第36回東京国際映画祭が10月23日(月)から11月1日(水)の期間で開催される。このたび、映画祭の顔となるコンペティション部門の審査委員長に、ドイツの映画監督であるヴィム・ヴェンダースが決定した。
今回審査委員長に決定したヴィム・ヴェンダースは『ことの次第』(82)でヴェネチア国際映画祭の金獅子賞を受賞するなど、キャリアを通じて世界中で多くの栄誉を受けてきた映画監督。『パリ、テキサス』(84)でカンヌ国際映画祭パルムドール、『ベルリン・天使の詩』(87)で同カンヌ国際映画祭で最優秀監督賞を受賞、『ブエナ・ビスタ・ソシアル・クラブ』(99)、『Pina 3D ピナ・バウシュ 踊り続けるいのち』(11)、『セバスチャン・サルガド 地球へのラブレター』(14)の3作品で米国アカデミー賞の長編ドキュメンタリー部門にノミネートされている。

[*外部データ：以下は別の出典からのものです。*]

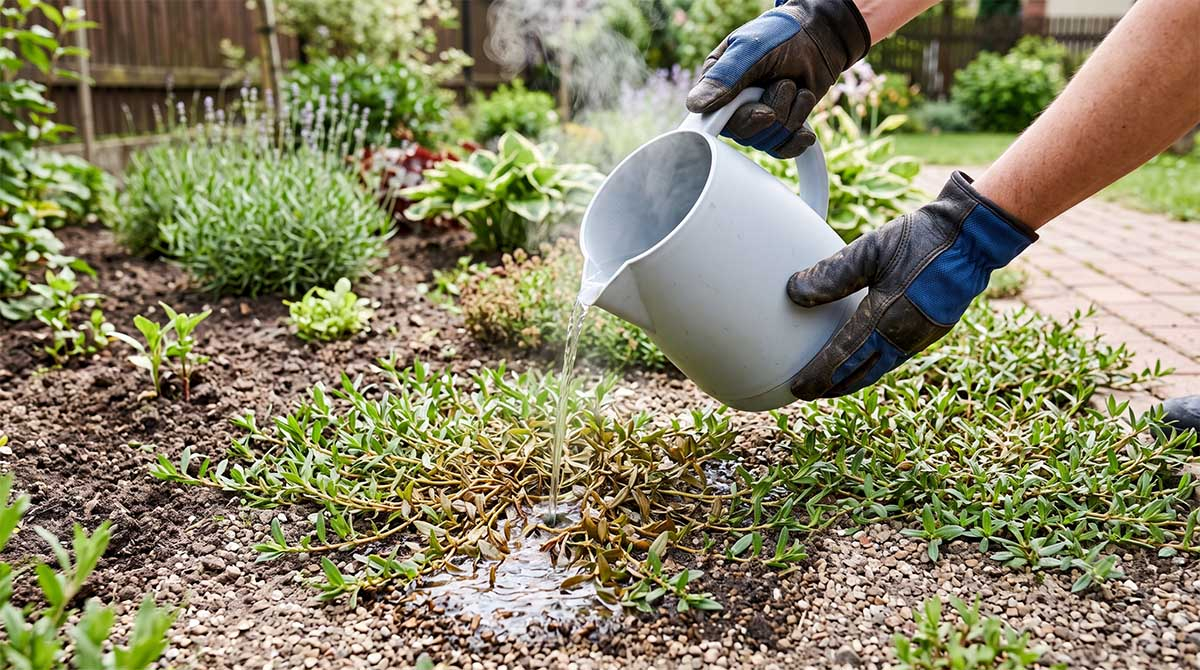 Naturalny zabieg ekologicznego wypalania rdestu ptasiego gorącym roztworem.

また、ヴェンダースは親日家としても知られ、『東京物語』(53)を観て魅せられたという小津安二郎監督への傾倒は深く、1985年には小津安二郎へのオマージュとしてドキュメンタリー映画『東京画』(85)を制作し、高い評価を得ている。東京、渋谷の公衆トイレのリノベーションを紹介したアートプロジェクトThe Tokyo Toiletの一部である最新作『パーフェクト・デイズ(原題)』は、日本の俳優の役所広司を主演に迎え、今年のカンヌ国際映画祭で同氏に最優秀男優賞をもたらした。ヴェンダース監督の東京国際映画祭への参加は1991年のクロージング作品『夢の涯てまでも』(91)、1993年のヤングシネマコンペティション部門の審査委員長、2011年の『Pina 3D ピナ・バウシュ 踊り続けるいのち』以来4回目だ。
ヴェンダース自身は「また戻ってこられることを嬉しく思います。以前の私の初めての審査委員長体験は本当に良い思い出しかなく、いまでも当時の審査委員の人たちとは交流があり、お互いに『クローディーさん(プロデューサーのClaudie Ossard)』、『ポールさん(作家のPaul Auster)』、『ヴィムさん(監督ご本人)』と『さん』を付けて日本風に呼びあっています。今年の東京国際映画祭は私が敬愛する巨匠、小津安二郎監督の死後60年、生誕120年の記念すべき年に開催されるもので、そんな機会に参加できることは私にとっては特別なことです」と今回の審査委員長就任に関して語った。
また、コメントでも今年生誕120年を迎えることが言及されていたが、今年の東京国際映画祭では小津安二郎監督の特集をすることも決定。日本が世界に誇る巨匠の特集と、小津ファンでもあるヴェンダース監督を審査委員長に迎えた東京国際映画祭にぜひ注目してほしい。